Heb. 10:32    But recall those earlier days when, after you had been enlightened, you endured a hard struggle with sufferings, 33 sometimes being publicly exposed to abuse and persecution, and sometimes being partners with those so treated. 34 For you had compassion for those who were in prison, and you cheerfully accepted the plundering of your possessions, knowing that you yourselves possessed something better and more lasting. 35 Do not, therefore, abandon that confidence of yours; it brings a great reward. 36 For you need endurance, so that when you have done the will of God, you may receive what was promised.


Following Christ is a life-long journey of endurance. At times it will be filled with struggles, sufferings, exposure to abuse and persecution and joining others in their pain. Compassion is a mark of endurance, and the sharing of our possessions with those in need. There is confidence in this relationship with Christ and we must endure to the end, through the good times and the bad. That’s how we receive what we were promised; eternity in a relationship with our holy God. 

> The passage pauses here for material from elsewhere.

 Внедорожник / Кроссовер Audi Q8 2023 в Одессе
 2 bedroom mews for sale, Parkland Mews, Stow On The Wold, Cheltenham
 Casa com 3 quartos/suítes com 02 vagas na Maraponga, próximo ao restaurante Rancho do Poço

Enduring through difficulties doesn’t sound very inspiring. We all want instant gratification, knowing that what we are doing is going to bring some kind of a result — and soon! But life just doesn’t always work that way. Instead, we are invited into a Christian life, a journey which is for the long-haul. Somehow in God’s estimation, time is simply different, and what may appear to be an eternity to us, is simply the blink of an eye. Therefore, while we are on this journey in the flesh, we are encouraged to endure, for it will be worth it all. 

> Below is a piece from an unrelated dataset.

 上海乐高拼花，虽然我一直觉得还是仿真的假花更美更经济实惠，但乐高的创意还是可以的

I’ve thought much about endurance during my time in Africa. The church in South Africa will soon celebrate 100 years of ministry, and yet, I imagine that those who were engaged in the work at first, could not imagine what would happen on the continent. A hundred years ago there were 10 million Christians on the entire continent, and by the year 2000, there were 346 million. Projections are that by 2025 there will be 600 million Christians in Africa. Our tribe, the Church of the Nazarene, has doubled in the last ten years, growing to over 750,000 members. Did anyone imagine this happening to Africa 100 years ago? Or was there a lesson on endurance that needed to be learned? 

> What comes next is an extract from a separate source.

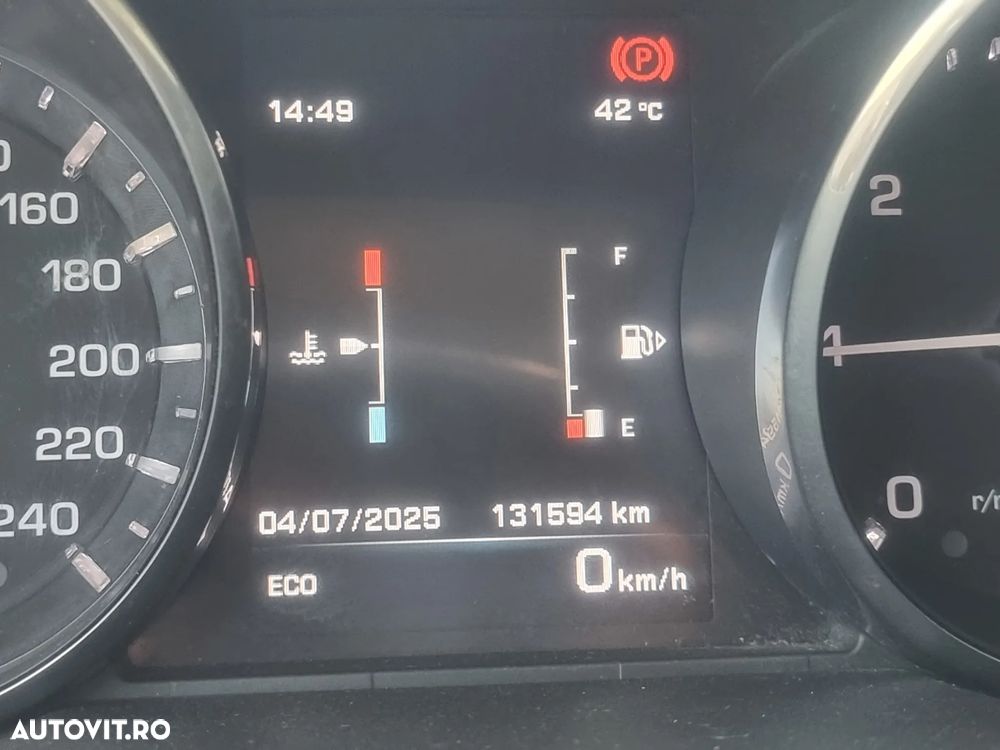 Land Rover Discovery Sport 2.0 l TD4 HSE - 24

Our confidence is in Christ Jesus, not the things of this world, nor success as defined by this world. Instead, we are to invest with the long-view in mind. Nearly 100 years ago my husband’s great-grandfather sold his worldly possessions to help plant a church in Pennsylvania. He believed that God was calling him to sacrifice for the sake of the kingdom of God, and an investment in a future which he may never see. Yes, the investment  did result in a vibrant church, but it went way beyond a building. He demonstrated to his children that commitment and obedience to Christ was worth everything. Seeds of faith were planted in the lives of his children, which began to bloom in his grand-children, great-grandchildren and today his great-great grandchildren. So far, 15 of his descendants have attended Nazarene Theological Seminary and served God through some form of ministry, as well as countless others who are faithfully serving in other ways. I don’t think he could have ever imagined the long-term impact of his wholehearted commitment and sacrifice to follow Jesus Christ but he believed in enduring and investing with a long-view in mind. 

There will be days of discouragement, but we cling to the promises and continue to press on, enduring in confidence. God is faithful and has promised to be with us to the very end — not just our end! Endurance is not just about us, but about those whose lives will be impacted when we aren’t around to see the results. Today we press on with grateful hearts. 


Lord, open my eyes to press on in faithful endurance. Amen.